One of my projects, PyRK, a python tool for reactor kinetics, recently had a release. To be as transparent, robust, and citable as possible, the PyRK project employs a release procedure that relies on version control (Git), a ticketing system (GitHub), automated documentation (Sphinx), a website (Read the Docs), a test framework (nose), continuous integration (Travis CI), and an archival system that generates digital object identifiers (DOIs) (figshare). At the heart of all of this is a software-development process inspired by GitFlow, which incorporates testing and code review. I won’t cover that workflow in this blog post; I’ll instead focus on the process in the image, a typical scientific software-release procedure. While the particular software stack I use in this example is tailored to python projects, the concepts are common across programming languages.
Maintaining clear documentation and a transparent development process, especially in the context of a release, allows other scientists to discover and use our scientific software. PyRK is a python project, so we use Sphinx and its api-doc utility to automatically document the classes and functions that make up the source code. This requires that we add well-formatted docstrings to our classes and functions. Sphinx does the rest. That generated documentation is then hosted within a website built with Read the Docs. To help us in the development process, we collect all proposed changes to the codebase in “issues” and tag those issues into “milestones” using GitHub. When all “issues” in the “release v0.2” milestone are complete, we’re then ready to release the new version of the code. The closed issues in the milestone captures the changes represented by the release, so users can review the changes represented by the release.
Much of the work of code robustness happens during the development process but aids in the release process. That is, during development, we constantly add unit tests to ensure that code changes achieve the behaviors we expect.
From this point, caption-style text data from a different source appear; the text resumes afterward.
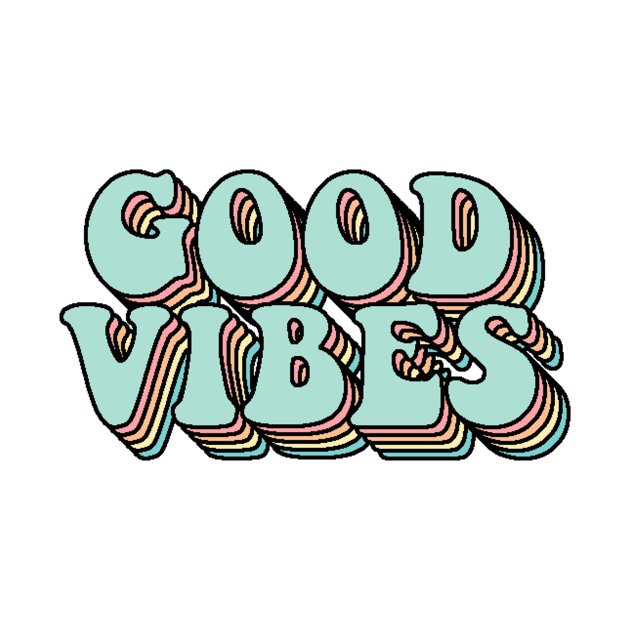 Blue Rainbow Good Vibes Text by Lauren Cude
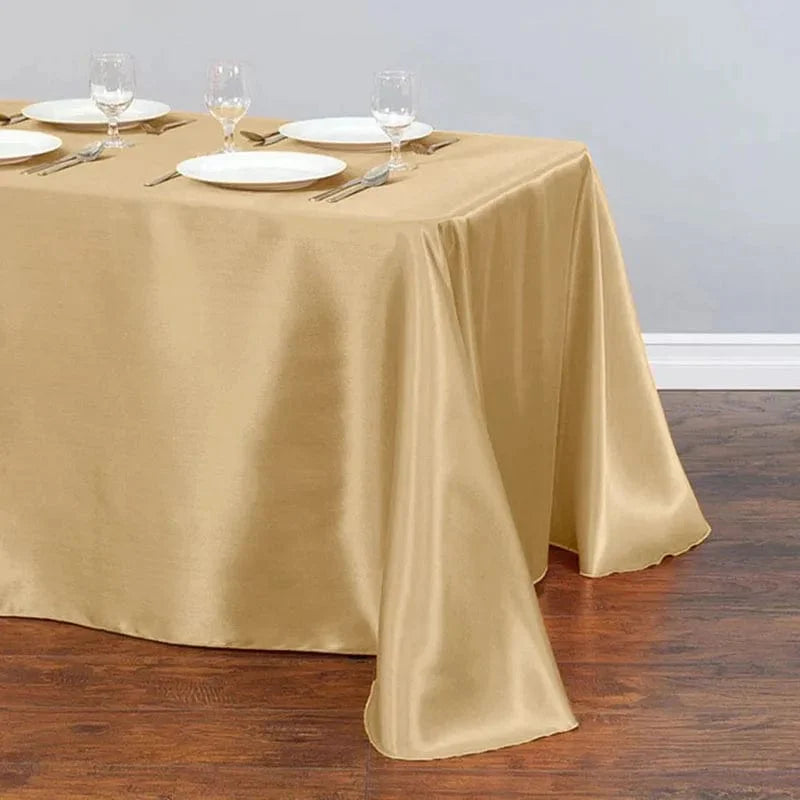 Showlu Satin Rectangular Wedding Tablecloth in black, 145x275cm, elegant satin fabric for wedding, banquet, and party table decor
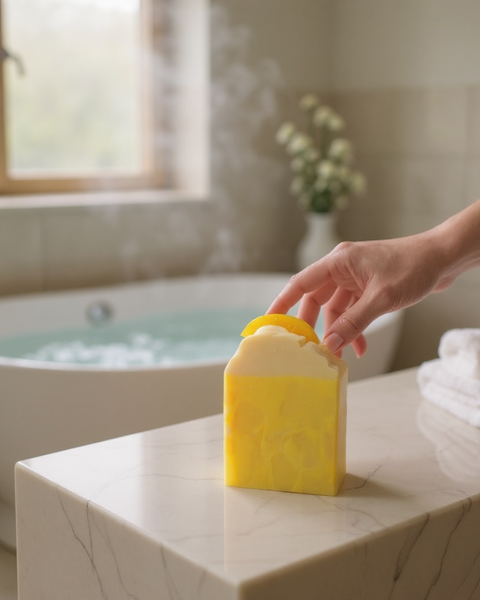 Lemon scented soap bar inspired by Under the Lemon Tree displayed on a marble bathroom counter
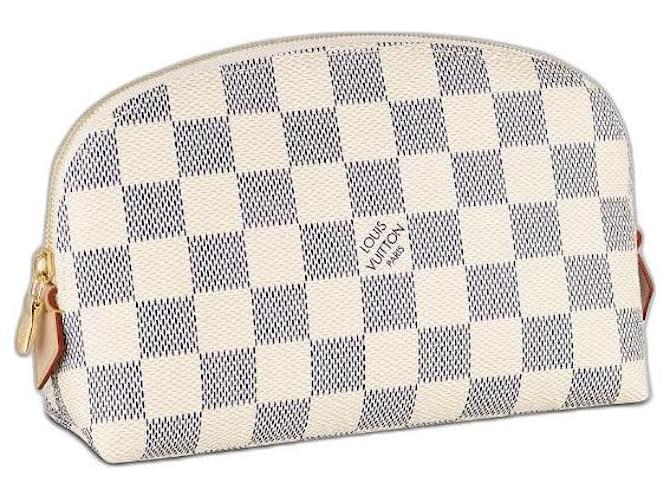 LOUIS VUITTON Damier Azur Cosmetic Pouch White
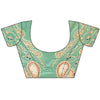 Mint Green Organza Embroidered Saree With Unstitched Blouse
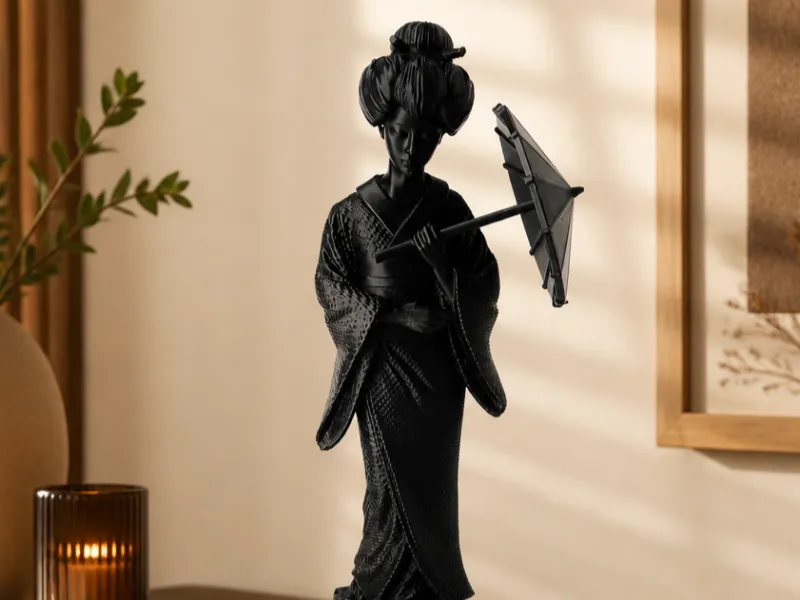 Geisha with a Parasol Sculpture - Japanese-Inspired Art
Those unit tests are run in the nose testing framework and tested across supported platforms using Travis CI. As part of the release procedure, it is important to double check that the test coverage is sufficient and tests are passing.
Scientific software often contains scientific models and algorithms, the use of which should be cited by users when they contribute to scientific work. Citing code has historically been tricky, but some services now allow code to receive a DOI, which is archived and can be cited like a journal article is cited. figshare allows me to create a citeable DOI from the release tag on GitHub. I also include this information in a citation file in the software repository and on the software website.
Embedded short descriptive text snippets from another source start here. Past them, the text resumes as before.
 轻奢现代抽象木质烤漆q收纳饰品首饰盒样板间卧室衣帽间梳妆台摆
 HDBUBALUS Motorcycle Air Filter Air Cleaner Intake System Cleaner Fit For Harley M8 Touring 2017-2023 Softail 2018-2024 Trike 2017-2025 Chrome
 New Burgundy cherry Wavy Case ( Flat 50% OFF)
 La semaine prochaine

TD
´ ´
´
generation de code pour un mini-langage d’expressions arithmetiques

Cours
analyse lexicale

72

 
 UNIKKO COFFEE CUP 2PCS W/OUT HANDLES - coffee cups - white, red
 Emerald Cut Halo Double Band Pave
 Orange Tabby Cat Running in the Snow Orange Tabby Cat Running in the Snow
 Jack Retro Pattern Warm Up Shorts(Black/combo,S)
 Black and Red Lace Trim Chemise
My checklist, summarized in the image, goes like this:
- Address open issues associated with the release milestone (use a ticketing system like GitHub's)
- Confirm the closed issues in the milestone capture the changes represented by the release
- Confirm all tests pass (with a test framework like nose)
- Confirm builds and tests pass on all supported platforms (use continuous integration like travis)
- Update documentation (automated with a tool like Sphinx)
- Update other website information, like new authors, release notes, etc. (Read the Docs)
- Tag the revision of the code with a release tag (Git/GitHub).
- Upload it to an archive that generates DOIs (figshare)
- Update the citation file to include the release citation from figshare (CITATION.md)
A subtle issue not covered in the above list is that of “release candidates.” In projects with more than a few users, each release turns up a small flurry of bugs encountered by the “tire kicking” of its users. To quickly fix those bugs and include them in the release, many teams put out a test release, wait for the bug reports, fix those bugs, and then proceed with the real release. The process for iteration on releases and release candidates isn’t as necessary for small projects, but is something to be aware of as your project grows.
So, in conclusion:
- For transparency, we use a version-control tool, a ticketing system, an automated documentation tool, and a website.
- For robustness, we employ unit tests, continuous integration, and code review in a controlled way.
- For citability: we have a citation file and use a service like figshare to acquire a DOI.